Copying exactly, give the lines in the material below from the one with "Mini COB Keychain Flashlight" to the one with "Pali Indigo 50 × 50 kussen", ends included, and nothing besides.

■ RECORDS TO USE ■
——————

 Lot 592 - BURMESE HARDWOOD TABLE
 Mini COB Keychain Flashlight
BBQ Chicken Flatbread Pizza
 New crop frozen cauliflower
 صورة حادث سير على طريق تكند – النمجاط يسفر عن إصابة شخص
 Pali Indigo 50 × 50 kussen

——————

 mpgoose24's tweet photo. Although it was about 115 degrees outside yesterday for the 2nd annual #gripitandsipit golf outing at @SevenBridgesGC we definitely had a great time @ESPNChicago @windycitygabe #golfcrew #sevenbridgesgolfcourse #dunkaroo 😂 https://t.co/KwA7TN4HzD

——————

■ RESPONSE TO THE EXERCISE ■
 Mini COB Keychain Flashlight
BBQ Chicken Flatbread Pizza
 New crop frozen cauliflower
 صورة حادث سير على طريق تكند – النمجاط يسفر عن إصابة شخص
 Pali Indigo 50 × 50 kussen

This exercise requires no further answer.